The new Grow a Row program here can't solve similar challenges in the Yampa Valley — the growing season is short. Local gardeners can't produce enough fresh vegetables and fruits on a year-round basis to truly alter the diets of our working poor. But gardeners willing to grow an extra row of salad lettuce for LIFT-UP, or bring in a bucket of root vegetables, will be overcoming the high costs of fresh foods while reinforcing their benefits to people who might otherwise feel compelled to make less healthy choices.
Local gardeners who want to up their game in order to produce food for LIFT-UP can easily access the Master Gardeners fostered by CSU Extension in Routt County for advice.

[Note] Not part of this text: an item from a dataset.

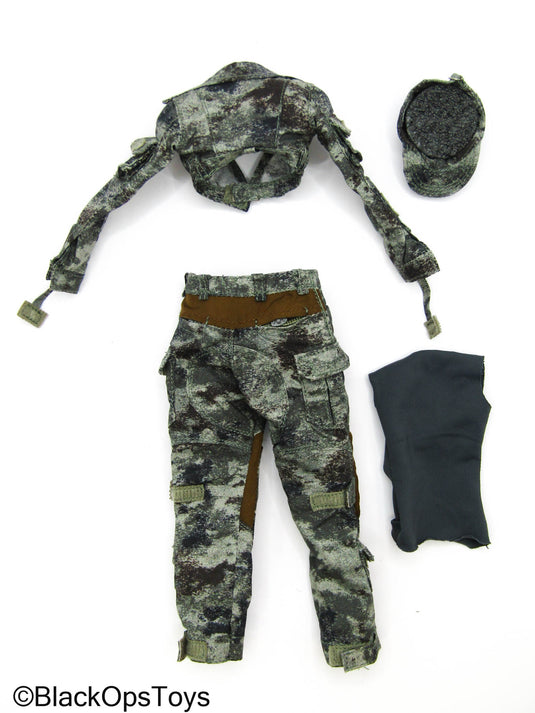 Shock Worker - Green Pixelated Camo Female Combat Uniform Set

They will be found at the Saturday morning Farmers Markets beginning June 14 and continuing through Sept. 13. At least one master gardener will staff a booth at the market on Seventh Street and will welcome questions.
And LIFT-UP is in talks with another nonprofit in the region, LiveWell Northwest Colorado, about establishing a container garden where LIFT-UP clients who choose to, could get their hands in the soil and raise a crop of their own.
We can easily imagine that some LIFT-UP clients — single parents with two jobs, for example — already have their plates full (in the metaphorical sense). But for people who have the time, we think the healthy benefits of growing food locally would quickly expand to include improved self-esteem, a sense of ownership, and of accomplishment.
Not to mention the satisfaction community food growers will realize from sharing their crop. We applaud these healthy initiatives on the part of the local food community.